Veil meninggal pada tahun 2017. Jenazahnya secara resmi dimakamkan oleh pemerintah Prancis di Pantheon di Paris, didedikasikan untuk Prancis yang paling penting dan berpengaruh. Di seluruh negeri, jalan-jalan dan alun-alun dinamai menurut namanya.

Tidak dapat dipahami dan tidak dapat diterima

Sebuah batu peringatan untuk politik feminis diresmikan setelah kematiannya di kota Brittany, Pyrrhus Gueric. “Apa yang terjadi dengan itu tidak dapat dipahami dan tidak dapat diterima,” kata Walikota Ervin Lyon dari Perros-Guirec akhir pekan ini.

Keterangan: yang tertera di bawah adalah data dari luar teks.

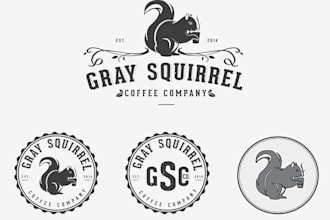 design small batch artisan coffee roasting company logo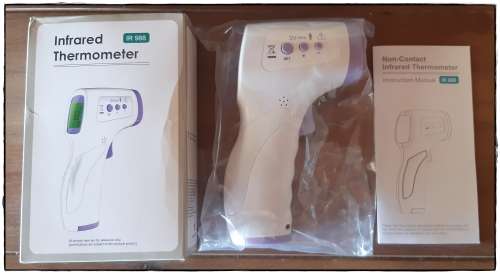 IR988 INFRARED THERMOMETER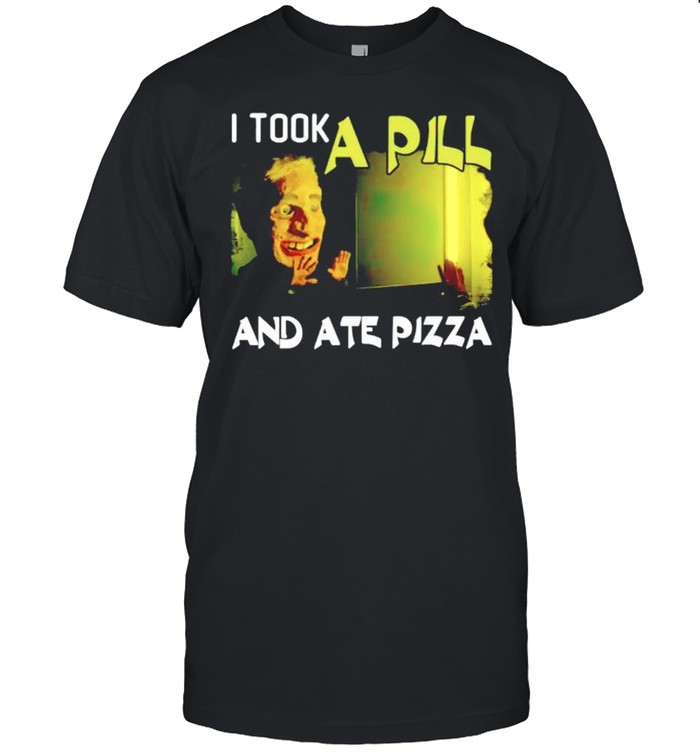 I took a pill and ate pizza Mike Posner shirt Classic Men's T-shirt
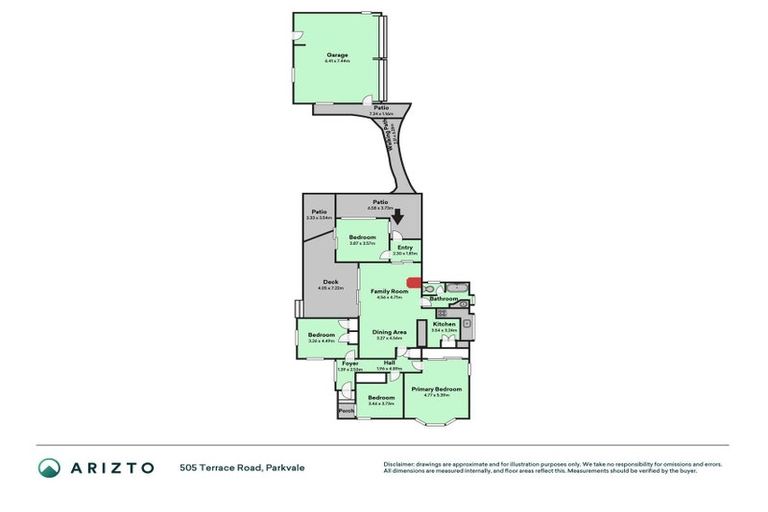 Photo of property in 505 Terrace Road, Parkvale, Hastings, 4122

Pada malam 1-2 Agustus, tugu peringatan itu pertama kali diolesi dengan mustard, mayones, dan tahi. Tepat seminggu kemudian hal itu terjadi lagi. Pertama kali kami berpikir: Ini adalah pekerjaan seorang pemabuk. Tapi kalau seminggu lagi kejadiannya sama persis, itu disengaja,” kata Wali Kota Leon saat itu.

Rabu lalu terjadi lagi. Kemudian dia mengurapi swastika di batu peringatan. Pada hari Sabtu itu terjadi lagi. Di atas batu bertuliskan nama Simon Veil tertulis dengan cat biru: “Bertanggung jawab atas genosida.” Ini akan menjadi referensi untuk kebijakan pro-aborsinya.

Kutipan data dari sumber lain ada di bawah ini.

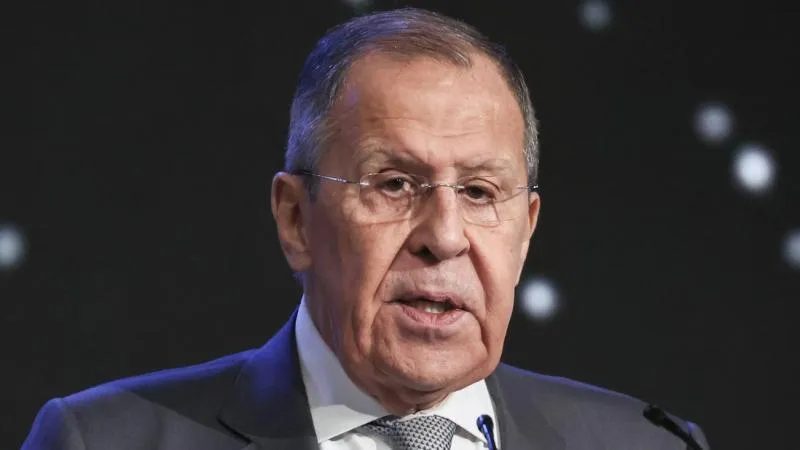 Lavrov: Russia can treat Britain as a participant in the Ukraine conflict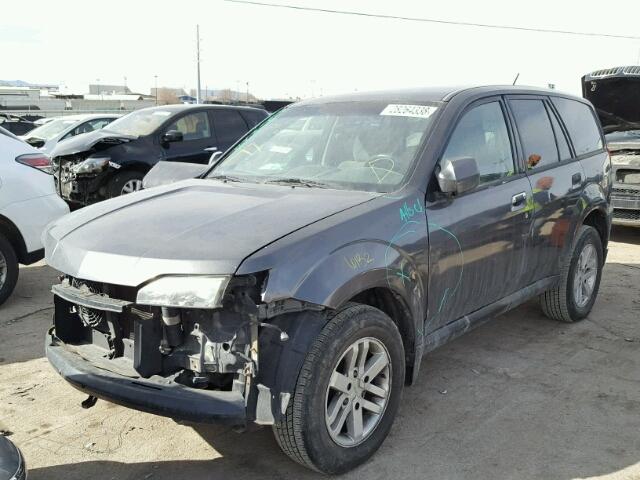 4S2DF58X534602733 - 2003 ISUZU AXIOM XS Grafit foto 2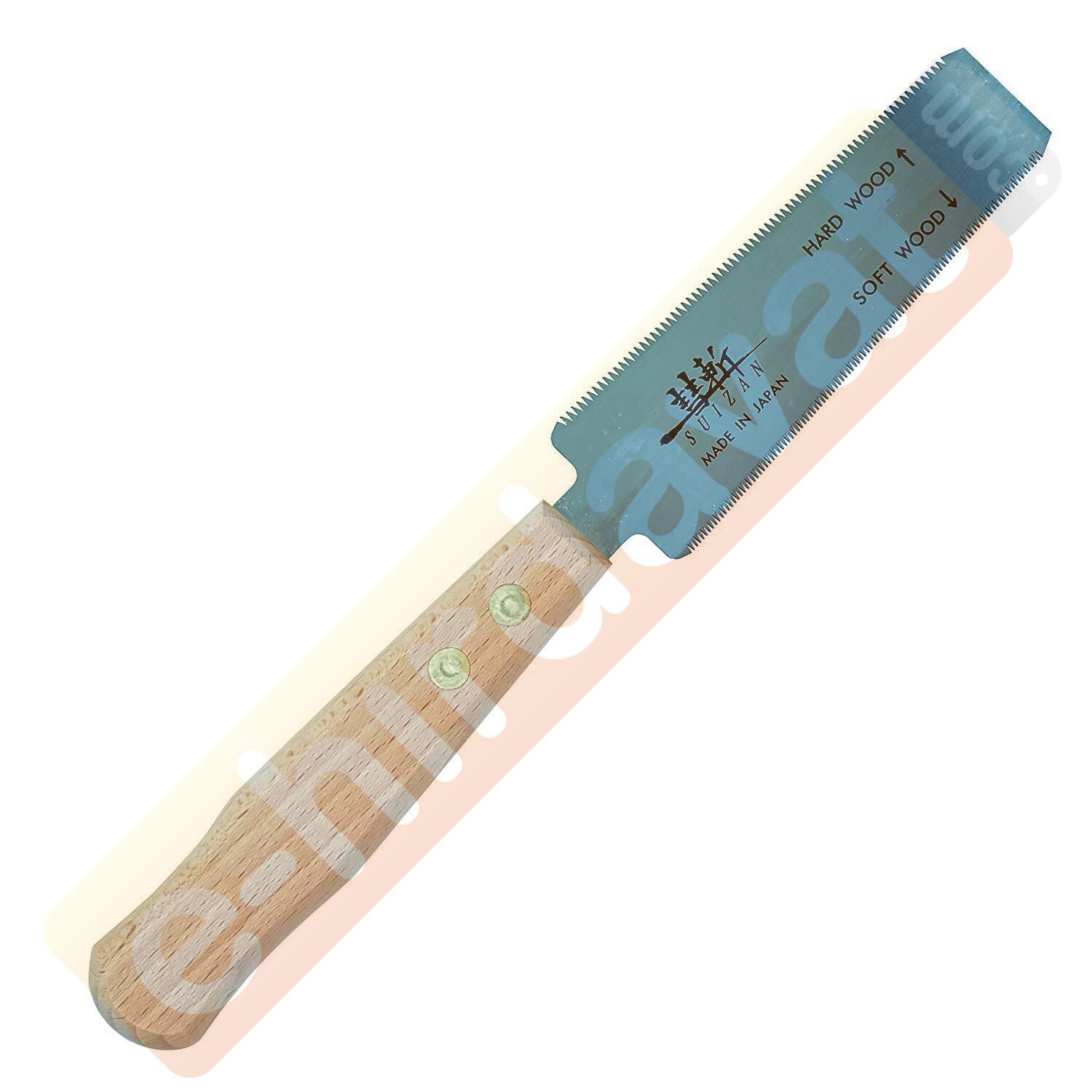 SUIZAN 2100 Kugihiki Flush Cut 12 cm Japon Testeresi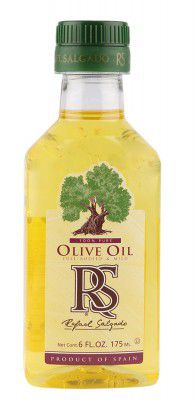 RS Rafael Salgado 100% Pure Olive Oil Good for Indian Cooking and Frying Pet Bottle - 175 ML Olive Gold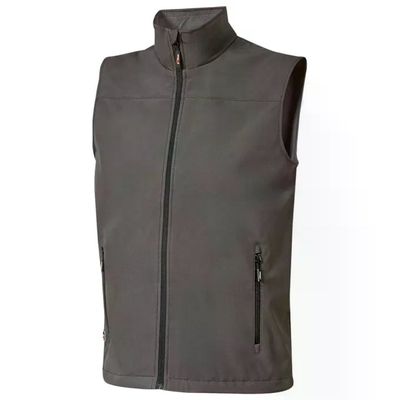 U-Power Dublino WIN231GI – Gilet da lavoro Softshell grigio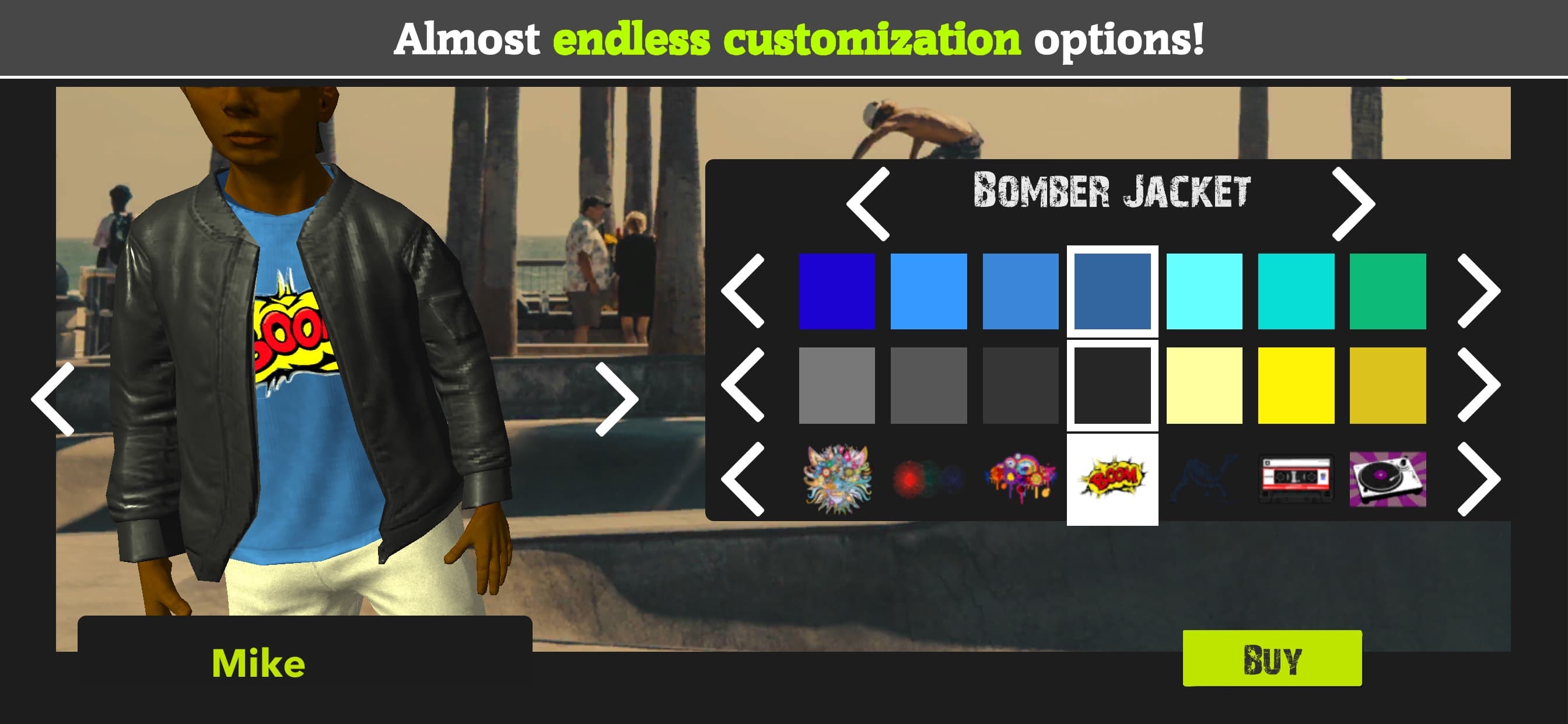 Skateboard FE3D 2 screenshot 8 - screenshot
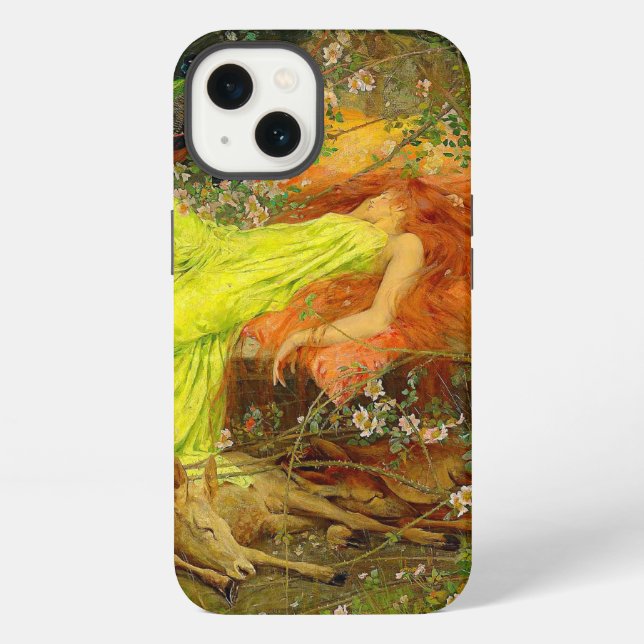 Fairy Tale Arthur Wardle iPhone Case (Back)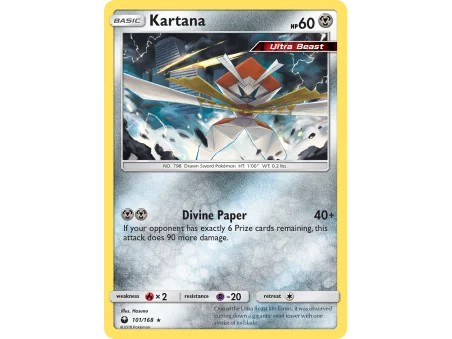 Kartana (Reverse Holo)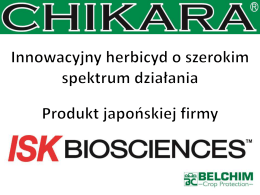 Herbicyd Chikara 25 WG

READ  Pemerintah Inggris meminta maaf atas rasisme untuk mengenang para korban perang

dekorasi

Pelaku atau pelaku masih hilang. Belum diketahui motifnya. “Kami tidak akan pernah menyerah memerangi anti-Semitisme,” kata Presiden Emmanuel Macron di Twitter. “Jika Anda menyentuh batu peringatannya, Anda menyentuh Prancis,” kata Menteri Dalam Negeri Marilyn Schiappa.

Dalam beberapa minggu terakhir, ada lebih banyak insiden di Prancis yang melibatkan anti-Semitisme atau referensi ke Perang Dunia II. Selama demonstrasi menentang kebijakan vaksinasi, demonstran sayap kanan membawa poster anti-Semit dengan kata sandi.

Pekan lalu, pengadilan Prancis membuka penyelidikan ke situs web bernama They Are Everywhere, yang berisi daftar orang Prancis terkenal dan lainnya yang dikatakan sebagai orang Yahudi.